_Instructions to follow_: Once the line holding "8MP Bullet Camera" is found, output it and all remaining lines of the data exactly, with every picture left out.

_Raw data_:
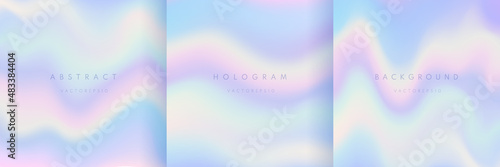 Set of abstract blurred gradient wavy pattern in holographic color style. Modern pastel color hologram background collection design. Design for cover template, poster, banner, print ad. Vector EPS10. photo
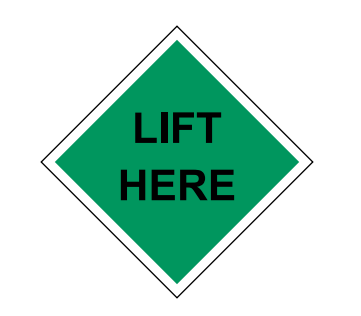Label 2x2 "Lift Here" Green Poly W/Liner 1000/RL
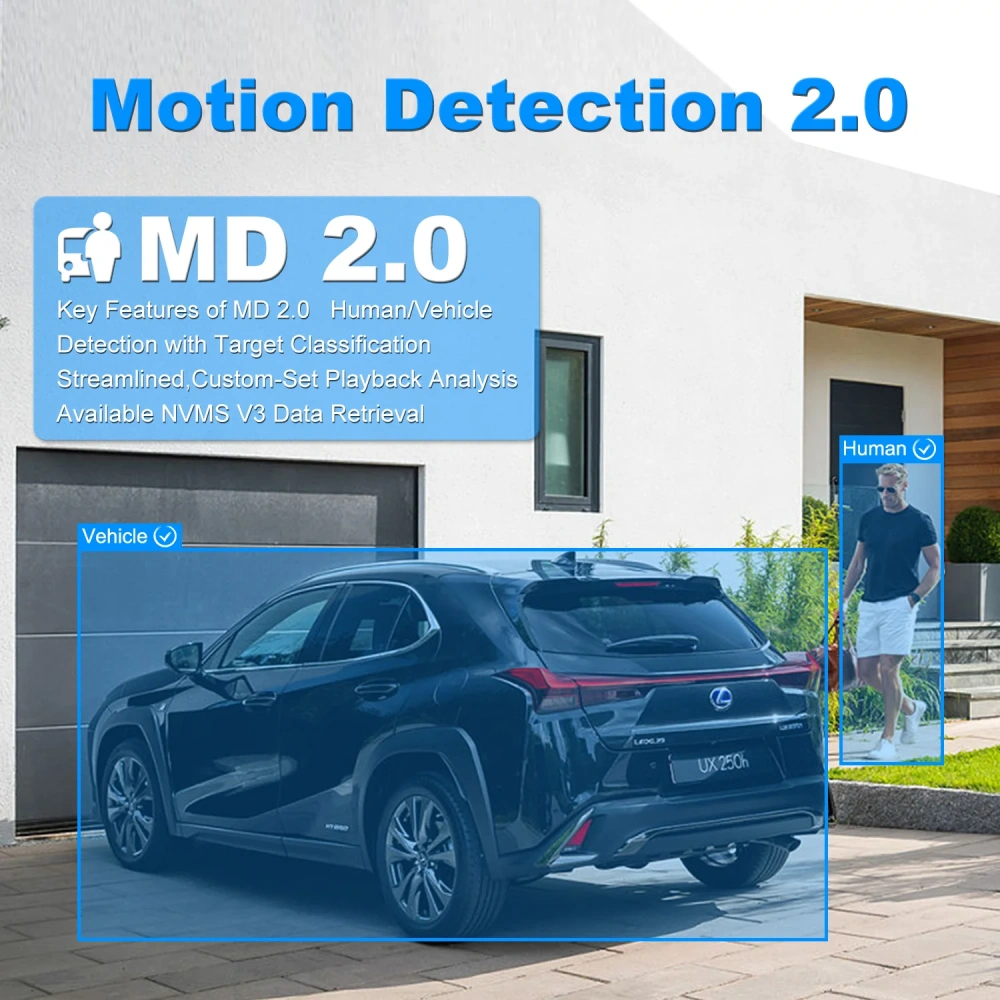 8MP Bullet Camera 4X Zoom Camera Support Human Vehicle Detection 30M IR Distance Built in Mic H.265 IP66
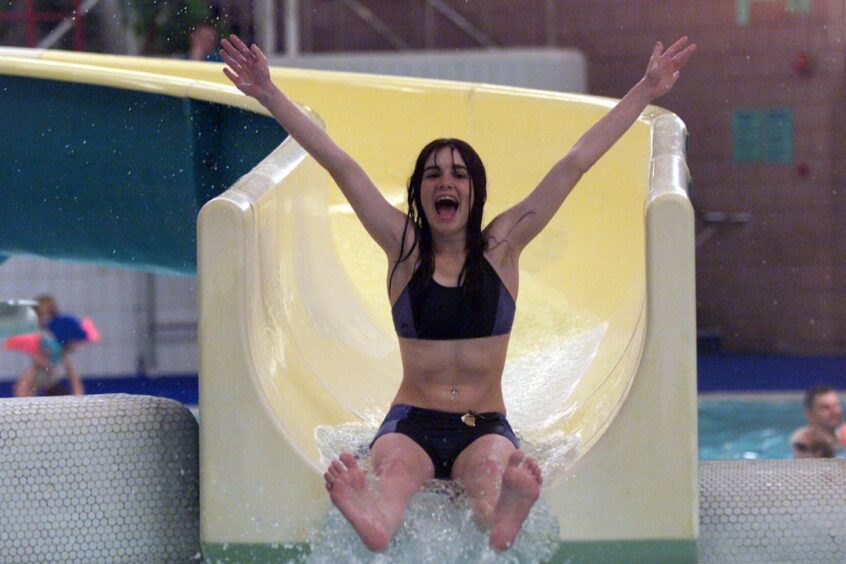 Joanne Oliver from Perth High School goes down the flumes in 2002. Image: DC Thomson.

_Response to the task_:
 8MP Bullet Camera 4X Zoom Camera Support Human Vehicle Detection 30M IR Distance Built in Mic H.265 IP66
 Joanne Oliver from Perth High School goes down the flumes in 2002. Image: DC Thomson.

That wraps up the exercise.